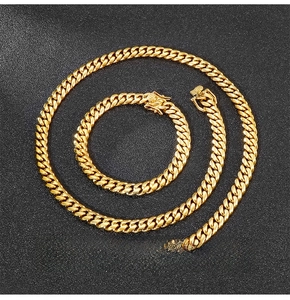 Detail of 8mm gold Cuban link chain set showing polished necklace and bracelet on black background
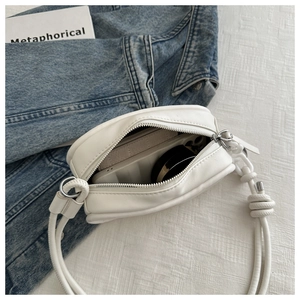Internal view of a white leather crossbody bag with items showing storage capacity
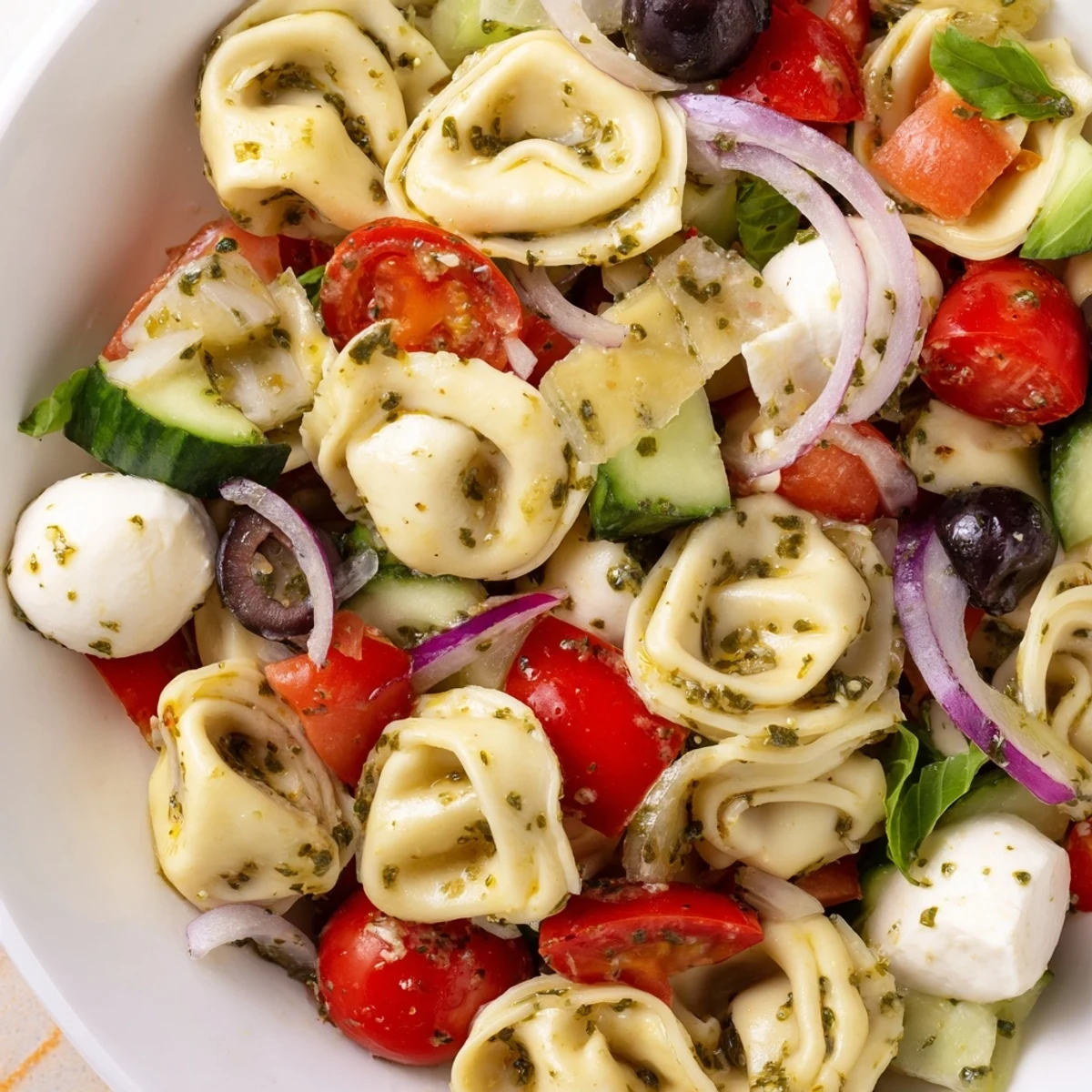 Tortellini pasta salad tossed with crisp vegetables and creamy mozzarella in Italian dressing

===============

BRIEF
Every line between the one containing "Internal view of" and the end of the listing, both included, needs to be retyped exactly, minus the pictures.

THE ANSWER
Internal view of a white leather crossbody bag with items showing storage capacity
 Tortellini pasta salad tossed with crisp vegetables and creamy mozzarella in Italian dressing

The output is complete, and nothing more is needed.